[Study material]
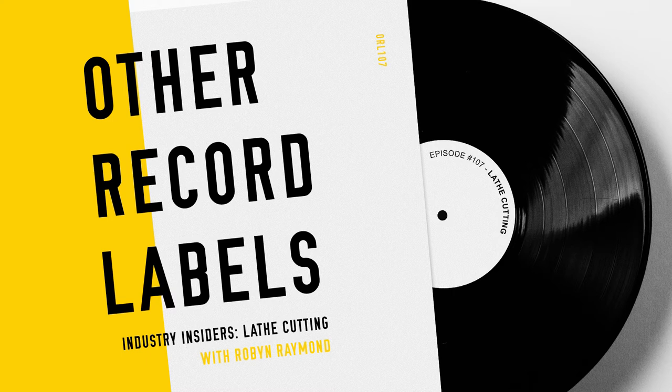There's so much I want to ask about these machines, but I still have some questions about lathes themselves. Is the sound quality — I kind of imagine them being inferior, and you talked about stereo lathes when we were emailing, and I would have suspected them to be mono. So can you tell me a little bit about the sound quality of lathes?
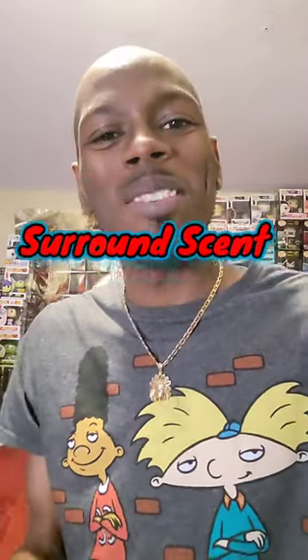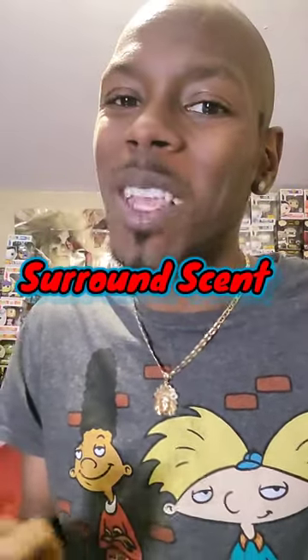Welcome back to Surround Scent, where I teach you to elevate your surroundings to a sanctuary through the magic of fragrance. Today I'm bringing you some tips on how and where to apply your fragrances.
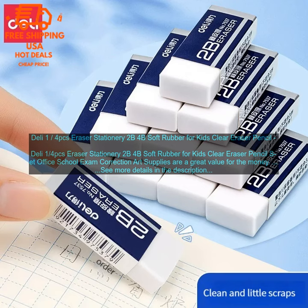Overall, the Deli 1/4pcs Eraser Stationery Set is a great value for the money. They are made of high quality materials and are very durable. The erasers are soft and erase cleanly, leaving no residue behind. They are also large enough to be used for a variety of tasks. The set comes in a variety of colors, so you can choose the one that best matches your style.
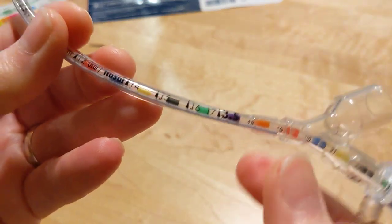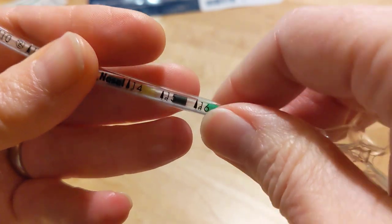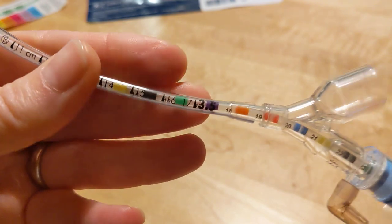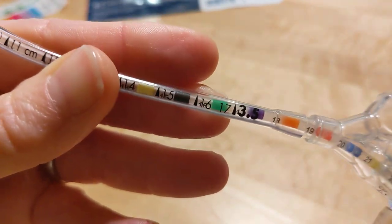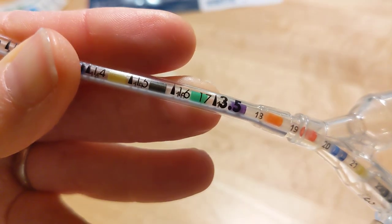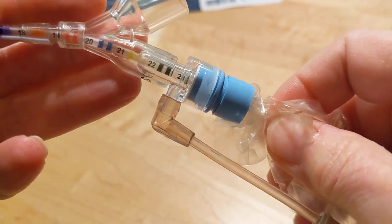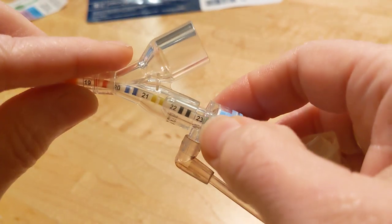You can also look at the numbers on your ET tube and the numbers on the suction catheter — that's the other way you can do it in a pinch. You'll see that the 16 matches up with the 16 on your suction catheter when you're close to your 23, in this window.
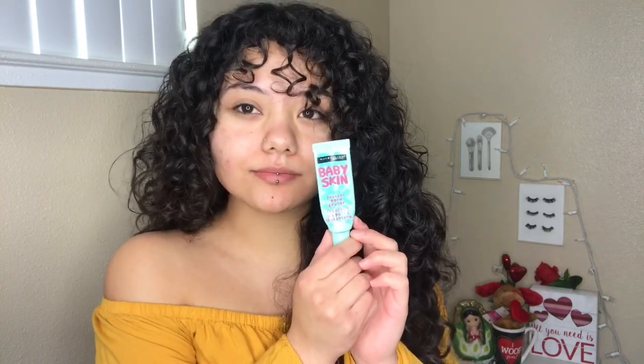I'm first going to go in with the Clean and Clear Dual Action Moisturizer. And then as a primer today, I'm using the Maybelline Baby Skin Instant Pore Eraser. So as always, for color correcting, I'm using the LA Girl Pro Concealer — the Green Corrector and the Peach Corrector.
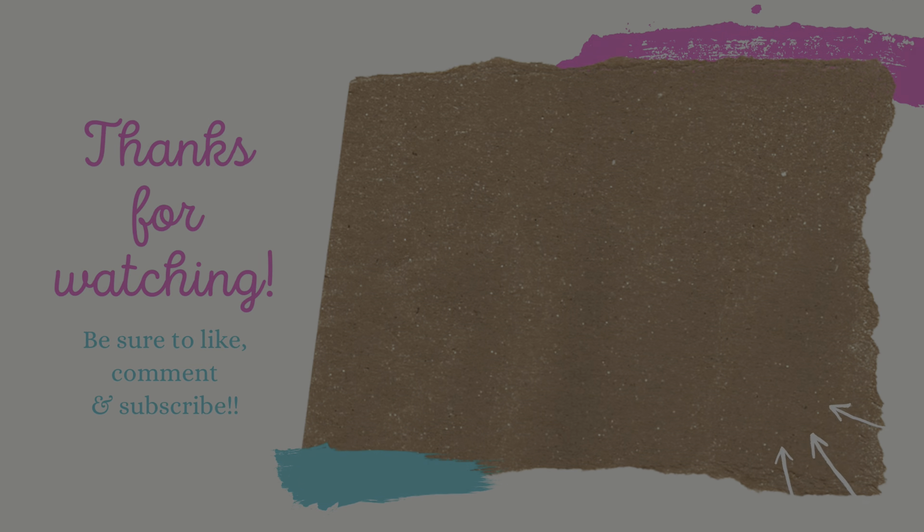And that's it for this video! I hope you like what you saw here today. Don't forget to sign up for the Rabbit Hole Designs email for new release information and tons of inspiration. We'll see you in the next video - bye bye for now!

[Exercise objective]
With the pictures omitted, give every line above again exactly.

[Solution for this exercise]
There's so much I want to ask about these machines, but I still have some questions about lathes themselves. Is the sound quality — I kind of imagine them being inferior, and you talked about stereo lathes when we were emailing, and I would have suspected them to be mono. So can you tell me a little bit about the sound quality of lathes?
Welcome back to Surround Scent, where I teach you to elevate your surroundings to a sanctuary through the magic of fragrance. Today I'm bringing you some tips on how and where to apply your fragrances.
Overall, the Deli 1/4pcs Eraser Stationery Set is a great value for the money. They are made of high quality materials and are very durable. The erasers are soft and erase cleanly, leaving no residue behind. They are also large enough to be used for a variety of tasks. The set comes in a variety of colors, so you can choose the one that best matches your style.
You can also look at the numbers on your ET tube and the numbers on the suction catheter — that's the other way you can do it in a pinch. You'll see that the 16 matches up with the 16 on your suction catheter when you're close to your 23, in this window.
I'm first going to go in with the Clean and Clear Dual Action Moisturizer. And then as a primer today, I'm using the Maybelline Baby Skin Instant Pore Eraser. So as always, for color correcting, I'm using the LA Girl Pro Concealer — the Green Corrector and the Peach Corrector.
And that's it for this video! I hope you like what you saw here today. Don't forget to sign up for the Rabbit Hole Designs email for new release information and tons of inspiration. We'll see you in the next video - bye bye for now!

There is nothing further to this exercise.